# 5-Gaited Saddlebred Saddleseat



## SaraM (Feb 14, 2014)

First of all, you are a very nice looking saddleseat rider. Your seat is very soft and forgiving, your hands are very quiet, and overall you guys look very nice. 

In the trot video, I'd like to see you push him more forward to keep the tempo steady. It gets nice, then his energy sucks back, then he gets better and forward, sucks back, etc. it's up to you to determine a pace and keep it, think about what it should be and maintain it with preemptive aides before it settles into the wrong pace, you should be monitoring for consistency every single second. 

Along the same lines, when he stretches his neck forward to brace against the contact, keep the contact the same and push him more forward into it. Right now, because you are so soft, he's just pulling through you and your hands are following his mouth forward allowing and rewarding it. When he does that, don't pull on his mouth, but close your hands and say "hey; this is a wall you cannot push past", and always always push him forward at the same time. 

His canter is sort of unbalanced; that's why the first transition sort of stumbles through a half trot half canter for a few strides. Really his canter doesn't get "balanced" til almost a whole time around the arena. If I had to guess, it looks like his canter was artificially slowed down for the show ring before he was ready; ie going slower should come from first being balanced, not from just changing the tempo. I think he needs to canter a little more forward to get balanced, and you need to sit up straighter and deeper to help him balance back on that hind end. Right now your seat is so light and leaning slightly forward, just sit your butt deeper and lift your upper body up; I like to think of myself as the pole on a carousel horse at the canter. 

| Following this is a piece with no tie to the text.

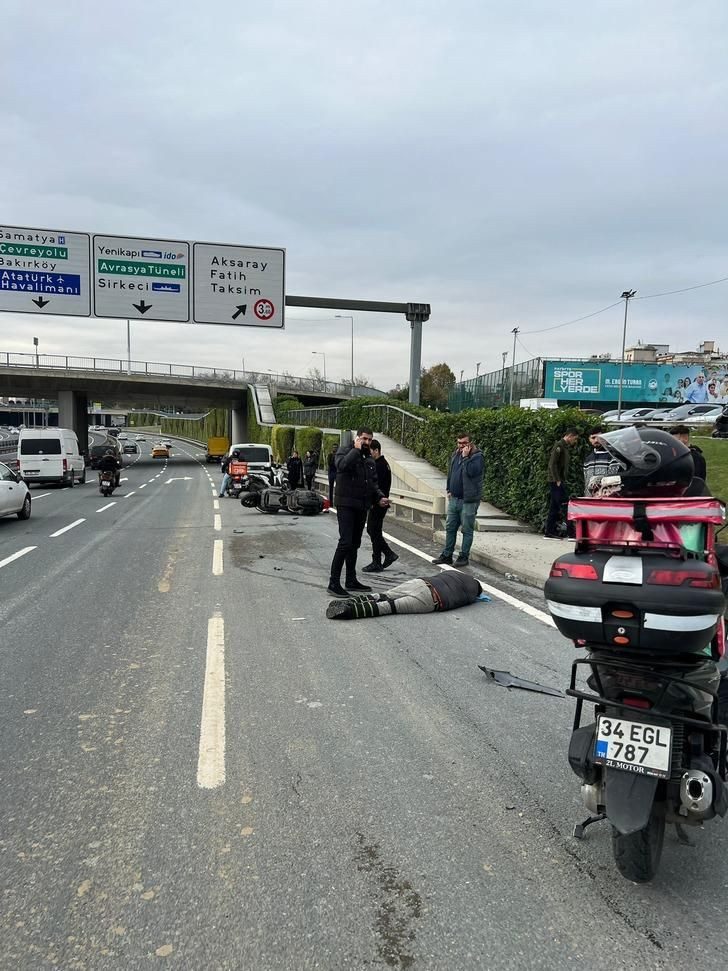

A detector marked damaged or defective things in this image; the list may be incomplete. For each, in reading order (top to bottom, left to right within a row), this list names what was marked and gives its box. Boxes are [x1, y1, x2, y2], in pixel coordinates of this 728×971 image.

The first walk-canter transition of the video was not good. You should feel walk-sit on hind end-lift shoulders up-and first stride of canter. If you let him take those rushed jumbled strides and let him continue cantering, you are basically saying "that was good, do that every time". In the first second of feeling the bad transition, you should stop, get him focused again in a good walk and re attempt. Again, it's probably because the canter is unbalanced, but I would not accept any transition that is not a prompt walk to canter and would re-do it until it was clean. Cantering on afterwards is the reward for a clean transition. Its quite easy to teach this to a horse like this, because their front end is naturally lifted, it'll just take a little work. 

Really, you are on the right track. Your body flows with the horse well, just work on making more corrections to guide him more, rather than being a good riding passenger. I have no experience with gaited stuff, sorry!


----------